*** Block opens ***

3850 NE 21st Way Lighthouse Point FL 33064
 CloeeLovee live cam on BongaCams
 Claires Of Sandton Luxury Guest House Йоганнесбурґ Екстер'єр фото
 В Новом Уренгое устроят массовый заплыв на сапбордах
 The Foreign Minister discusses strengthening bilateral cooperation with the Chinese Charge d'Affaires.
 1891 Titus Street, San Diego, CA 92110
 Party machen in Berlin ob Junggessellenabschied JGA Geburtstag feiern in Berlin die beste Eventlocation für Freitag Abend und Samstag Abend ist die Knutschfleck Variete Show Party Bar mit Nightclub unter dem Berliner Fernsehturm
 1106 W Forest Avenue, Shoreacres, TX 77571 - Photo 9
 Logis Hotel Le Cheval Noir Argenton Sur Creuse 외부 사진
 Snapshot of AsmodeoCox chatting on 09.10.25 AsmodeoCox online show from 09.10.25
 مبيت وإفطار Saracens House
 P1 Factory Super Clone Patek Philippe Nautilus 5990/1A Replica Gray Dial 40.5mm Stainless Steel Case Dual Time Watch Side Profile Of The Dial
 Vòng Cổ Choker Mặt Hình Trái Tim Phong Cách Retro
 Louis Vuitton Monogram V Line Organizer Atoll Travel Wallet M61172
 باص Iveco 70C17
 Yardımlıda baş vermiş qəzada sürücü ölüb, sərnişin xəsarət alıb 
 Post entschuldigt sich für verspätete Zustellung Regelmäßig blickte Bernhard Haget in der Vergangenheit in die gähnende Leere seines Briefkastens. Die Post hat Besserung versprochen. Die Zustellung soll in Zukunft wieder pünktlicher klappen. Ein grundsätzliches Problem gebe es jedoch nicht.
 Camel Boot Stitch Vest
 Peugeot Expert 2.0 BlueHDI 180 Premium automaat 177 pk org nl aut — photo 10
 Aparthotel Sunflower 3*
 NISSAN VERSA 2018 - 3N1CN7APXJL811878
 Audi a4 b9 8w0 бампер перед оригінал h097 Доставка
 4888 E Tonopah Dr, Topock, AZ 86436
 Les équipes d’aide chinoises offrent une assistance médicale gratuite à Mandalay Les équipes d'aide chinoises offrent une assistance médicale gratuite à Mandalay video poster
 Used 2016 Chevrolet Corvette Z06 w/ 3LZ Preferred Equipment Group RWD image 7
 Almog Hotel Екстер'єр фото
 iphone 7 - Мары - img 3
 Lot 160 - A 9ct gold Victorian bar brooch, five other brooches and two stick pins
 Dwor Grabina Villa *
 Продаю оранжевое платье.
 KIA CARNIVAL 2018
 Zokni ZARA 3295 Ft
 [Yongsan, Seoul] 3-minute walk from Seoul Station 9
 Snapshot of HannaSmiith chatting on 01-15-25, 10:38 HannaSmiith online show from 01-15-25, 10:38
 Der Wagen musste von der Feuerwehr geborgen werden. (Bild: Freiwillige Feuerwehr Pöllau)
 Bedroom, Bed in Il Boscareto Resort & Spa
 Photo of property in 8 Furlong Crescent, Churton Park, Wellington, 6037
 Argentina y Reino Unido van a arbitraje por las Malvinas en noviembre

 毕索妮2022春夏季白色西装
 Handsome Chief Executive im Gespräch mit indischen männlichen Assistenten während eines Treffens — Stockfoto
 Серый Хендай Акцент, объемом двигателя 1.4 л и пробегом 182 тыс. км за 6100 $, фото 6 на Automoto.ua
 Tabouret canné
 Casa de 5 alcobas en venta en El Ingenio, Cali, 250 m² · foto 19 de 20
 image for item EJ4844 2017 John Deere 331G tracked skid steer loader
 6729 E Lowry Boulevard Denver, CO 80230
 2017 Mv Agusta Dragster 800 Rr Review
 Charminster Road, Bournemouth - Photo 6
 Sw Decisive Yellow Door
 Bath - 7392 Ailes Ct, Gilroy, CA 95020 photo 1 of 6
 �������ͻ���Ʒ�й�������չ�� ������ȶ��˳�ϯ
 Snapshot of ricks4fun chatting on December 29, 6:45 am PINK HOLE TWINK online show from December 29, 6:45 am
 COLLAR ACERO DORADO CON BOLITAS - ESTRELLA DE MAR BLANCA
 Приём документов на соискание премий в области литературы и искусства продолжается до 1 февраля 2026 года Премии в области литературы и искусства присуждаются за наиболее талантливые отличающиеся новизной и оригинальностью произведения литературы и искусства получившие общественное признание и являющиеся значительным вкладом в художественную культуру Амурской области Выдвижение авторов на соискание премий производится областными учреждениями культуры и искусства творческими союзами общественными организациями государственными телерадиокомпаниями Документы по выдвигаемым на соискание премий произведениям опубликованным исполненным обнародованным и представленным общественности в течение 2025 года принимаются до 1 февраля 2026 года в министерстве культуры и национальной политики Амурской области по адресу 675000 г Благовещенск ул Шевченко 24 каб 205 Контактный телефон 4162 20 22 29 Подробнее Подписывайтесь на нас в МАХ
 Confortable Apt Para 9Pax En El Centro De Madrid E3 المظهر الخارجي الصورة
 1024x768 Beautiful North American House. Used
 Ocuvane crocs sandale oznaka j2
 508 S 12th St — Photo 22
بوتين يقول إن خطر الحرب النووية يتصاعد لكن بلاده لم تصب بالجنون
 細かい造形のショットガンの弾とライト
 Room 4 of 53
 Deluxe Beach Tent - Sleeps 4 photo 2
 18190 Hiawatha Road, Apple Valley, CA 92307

*** Block closes ***

▶ Activity
Return the data in full, exactly as it appears above.

▶ Problem solution
3850 NE 21st Way Lighthouse Point FL 33064
 CloeeLovee live cam on BongaCams
 Claires Of Sandton Luxury Guest House Йоганнесбурґ Екстер'єр фото
 В Новом Уренгое устроят массовый заплыв на сапбордах
 The Foreign Minister discusses strengthening bilateral cooperation with the Chinese Charge d'Affaires.
 1891 Titus Street, San Diego, CA 92110
 Party machen in Berlin ob Junggessellenabschied JGA Geburtstag feiern in Berlin die beste Eventlocation für Freitag Abend und Samstag Abend ist die Knutschfleck Variete Show Party Bar mit Nightclub unter dem Berliner Fernsehturm
 1106 W Forest Avenue, Shoreacres, TX 77571 - Photo 9
 Logis Hotel Le Cheval Noir Argenton Sur Creuse 외부 사진
 Snapshot of AsmodeoCox chatting on 09.10.25 AsmodeoCox online show from 09.10.25
 مبيت وإفطار Saracens House
 P1 Factory Super Clone Patek Philippe Nautilus 5990/1A Replica Gray Dial 40.5mm Stainless Steel Case Dual Time Watch Side Profile Of The Dial
 Vòng Cổ Choker Mặt Hình Trái Tim Phong Cách Retro
 Louis Vuitton Monogram V Line Organizer Atoll Travel Wallet M61172
 باص Iveco 70C17
 Yardımlıda baş vermiş qəzada sürücü ölüb, sərnişin xəsarət alıb 
 Post entschuldigt sich für verspätete Zustellung Regelmäßig blickte Bernhard Haget in der Vergangenheit in die gähnende Leere seines Briefkastens. Die Post hat Besserung versprochen. Die Zustellung soll in Zukunft wieder pünktlicher klappen. Ein grundsätzliches Problem gebe es jedoch nicht.
 Camel Boot Stitch Vest
 Peugeot Expert 2.0 BlueHDI 180 Premium automaat 177 pk org nl aut — photo 10
 Aparthotel Sunflower 3*
 NISSAN VERSA 2018 - 3N1CN7APXJL811878
 Audi a4 b9 8w0 бампер перед оригінал h097 Доставка
 4888 E Tonopah Dr, Topock, AZ 86436
 Les équipes d’aide chinoises offrent une assistance médicale gratuite à Mandalay Les équipes d'aide chinoises offrent une assistance médicale gratuite à Mandalay video poster
 Used 2016 Chevrolet Corvette Z06 w/ 3LZ Preferred Equipment Group RWD image 7
 Almog Hotel Екстер'єр фото
 iphone 7 - Мары - img 3
 Lot 160 - A 9ct gold Victorian bar brooch, five other brooches and two stick pins
 Dwor Grabina Villa *
 Продаю оранжевое платье.
 KIA CARNIVAL 2018
 Zokni ZARA 3295 Ft
 [Yongsan, Seoul] 3-minute walk from Seoul Station 9
 Snapshot of HannaSmiith chatting on 01-15-25, 10:38 HannaSmiith online show from 01-15-25, 10:38
 Der Wagen musste von der Feuerwehr geborgen werden. (Bild: Freiwillige Feuerwehr Pöllau)
 Bedroom, Bed in Il Boscareto Resort & Spa
 Photo of property in 8 Furlong Crescent, Churton Park, Wellington, 6037
 Argentina y Reino Unido van a arbitraje por las Malvinas en noviembre

 毕索妮2022春夏季白色西装
 Handsome Chief Executive im Gespräch mit indischen männlichen Assistenten während eines Treffens — Stockfoto
 Серый Хендай Акцент, объемом двигателя 1.4 л и пробегом 182 тыс. км за 6100 $, фото 6 на Automoto.ua
 Tabouret canné
 Casa de 5 alcobas en venta en El Ingenio, Cali, 250 m² · foto 19 de 20
 image for item EJ4844 2017 John Deere 331G tracked skid steer loader
 6729 E Lowry Boulevard Denver, CO 80230
 2017 Mv Agusta Dragster 800 Rr Review
 Charminster Road, Bournemouth - Photo 6
 Sw Decisive Yellow Door
 Bath - 7392 Ailes Ct, Gilroy, CA 95020 photo 1 of 6
 �������ͻ���Ʒ�й�������չ�� ������ȶ��˳�ϯ
 Snapshot of ricks4fun chatting on December 29, 6:45 am PINK HOLE TWINK online show from December 29, 6:45 am
 COLLAR ACERO DORADO CON BOLITAS - ESTRELLA DE MAR BLANCA
 Приём документов на соискание премий в области литературы и искусства продолжается до 1 февраля 2026 года Премии в области литературы и искусства присуждаются за наиболее талантливые отличающиеся новизной и оригинальностью произведения литературы и искусства получившие общественное признание и являющиеся значительным вкладом в художественную культуру Амурской области Выдвижение авторов на соискание премий производится областными учреждениями культуры и искусства творческими союзами общественными организациями государственными телерадиокомпаниями Документы по выдвигаемым на соискание премий произведениям опубликованным исполненным обнародованным и представленным общественности в течение 2025 года принимаются до 1 февраля 2026 года в министерстве культуры и национальной политики Амурской области по адресу 675000 г Благовещенск ул Шевченко 24 каб 205 Контактный телефон 4162 20 22 29 Подробнее Подписывайтесь на нас в МАХ
 Confortable Apt Para 9Pax En El Centro De Madrid E3 المظهر الخارجي الصورة
 1024x768 Beautiful North American House. Used
 Ocuvane crocs sandale oznaka j2
 508 S 12th St — Photo 22
بوتين يقول إن خطر الحرب النووية يتصاعد لكن بلاده لم تصب بالجنون
 細かい造形のショットガンの弾とライト
 Room 4 of 53
 Deluxe Beach Tent - Sleeps 4 photo 2
 18190 Hiawatha Road, Apple Valley, CA 92307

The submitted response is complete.